Spesa pubblica L’Italia si metta a dieta
Presentando la sua prima Finanziaria non di coalizione, il Cancelliere dello Scacchiere George Osborne ha annunciato un significativo taglio alla spesa pubblica (pari a 12 miliardi di sterline per la fine della decade, equivalenti a 16,7 miliardi di euro), compensato in parte da un aumento del salario minimo dei lavoratori. Il messaggio del governo conservatore di Sua Maestà sembra chiaro: d’ora in poi lavoro e sviluppo saranno perseguite in Gran Bretagna non più foraggiando la spesa pubblica improduttiva e le aziende dello Stato ma al contrario favorendo l’incremento della produttività delle aziende private che decidono di investire e misurarsi con una maggiore concorrenza nel mercato.
Da noi si continua invece a voler seguire una ricetta opposta, tanto logora quanto perdente: ostacolare lo sviluppo delle imprese, tagliare gli investimenti pubblici, rinviare sine die ogni azione politica di spending review (nonostante da tempo siano stati ben individuati i centri di spesa da eliminare) e consentire un aumento costante incontrollato della spesa pubblica corrente. Rispetto al 2009 l’Italia ha infatti tagliato del 30% la spesa pubblica per investimenti, passata così dai 54,2 miliardi nel 2009 ai 38,3 miliardi nel 2013, con una riduzione di circa 15,9 miliardi di euro. Nello stesso periodo la spesa pubblica complessiva (cioè compresa quella corrente) è comunque cresciuta di 12,8 miliardi (fino agli 817,5 nel 2013), con un aumento attribuibile solo in parte all’incremento degli interessi sul debito pubblico (+8,7 miliardi).

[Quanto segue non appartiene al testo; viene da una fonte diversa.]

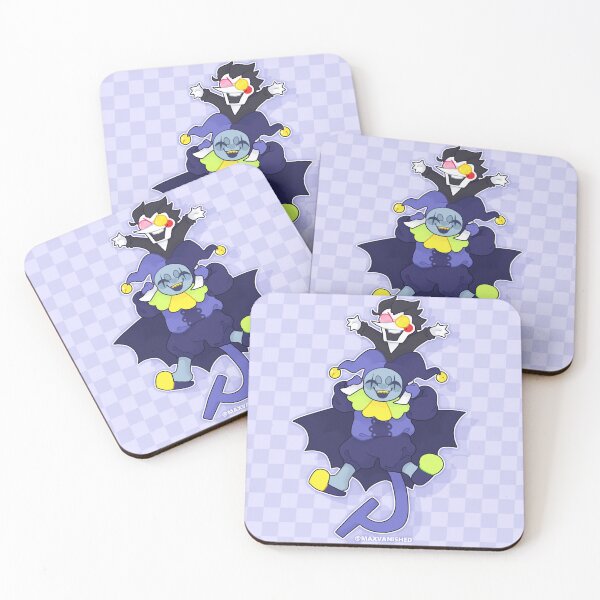 Item preview, JEVIL AND SPAMTON designed and sold by Circecil.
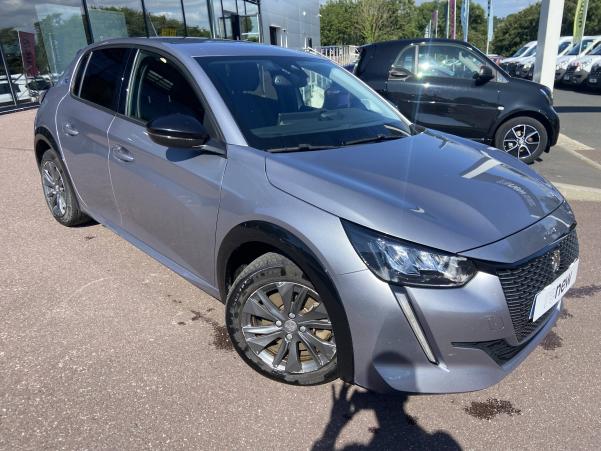 Vente en ligne Peugeot E-208  50 kWh 136ch au prix de 16 990 €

Nel Regno Unito, invece, la spesa pubblica è diminuita in cinque anni di 2,2 punti percentuali (passando dal 46,6% del Pil nel 2008 al 44,4 nel 2014). Una dieta salutare, di cui avrebbe un gran bisogno l’Italia. L’attuale trend, già penalizzante per le nostre imprese, potrebbe infatti avere presto un impatto micidiale anche sulle stesse famiglie, dal momento che i mancati tagli alla spesa pubblica corrente faranno scattare le clausole di salvaguardia contenute nella legge di Stabilità (aumento dell’Iva nonché delle tasse sugli immobili e degli Enti locali): un macigno di ulteriori 72 miliardi di tasse nel triennio 2016-1018! Sarà per questo che la fuga dei lavoratori italiani in Gran Bretagna (12.904 espatri nel solo 2013) sta assumendo dimensioni sempre più importanti?